Have you heard it said that the Boomer generation will consume three generations of wealth?
- what they inherited from their parents
- what they earned while working
- what they agreed to finance - which others will pay for
Further, the demands for creature comforts and a consumptive lifestyle wear out infrastructure and raise the cost and expectation of the minimum economic baseline for a household. Subsequent generations then inherit the replacement cost and the debt, in addition to the higher cost of entering adulthood, finishing an education, and setting up a home.
It would be difficult to prove anything engineered or conspiratorial here. Rather, it seems a collective punting - a socially-approved unwillingness to take responsibility with the belief that others, somewhere and somehow, will make it right once more, later on. Or, if there us a willingness to assign responsibility, it is someone else's - those Democrats, those Republicans, those who move further right or left of that, those moderate centrists who talk about a middle that no longer exists, those older or younger folks, the cynics, the idealists, the entrenched, the disruptors, the Russians, Mexicans, Koreans, Arabs, or Chinese.
Leon Trotsky, infamous as an engineer of the violent Russian Revolution, noted a similar triple-generation expense paid by the Soviet population. He wrote pensively in 1936, after the tragic deaths of four of his adult children and not long before his own assassination. Trotsky noted the violence lived in Russia during the last gasps of the Tsarist hold on power (generation one). He reflected on the carnage of the 1917 revolution with the World War and civil wars that followed (generation two). He wrote this at the time of Stalinist purges that tortured and executed his revolutionary comrades and their children, including his own (generation three). Even then, Trotzky believed that much of what took place was necessary - and even more might be required.

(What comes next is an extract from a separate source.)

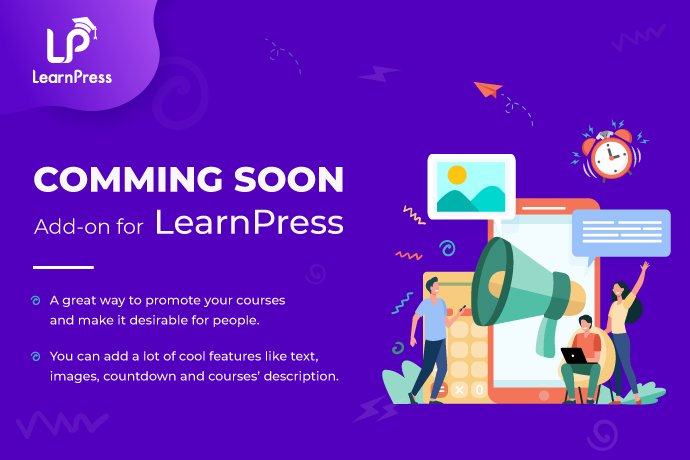Componenti aggiuntivi LearnPress: raccolte gratuite e premium 81 coming soon add on learnpress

So much of what leaves the world bloody and bruised, all too often literally, grows from the belief that there is lack and unfairness. The definition of justice becomes twisted into "taking it back" and" getting what is coming to us," rather than a righteous benevolence we contribute to others at our own expense.
Might does not make right. Neither does righting a wrong with a wrong.
We are left, always, with the difficult work of building with future generations in mind, and with the hope of a delayed satisfaction that one of our grandchildren will join with us in building with their grandchildren in mind.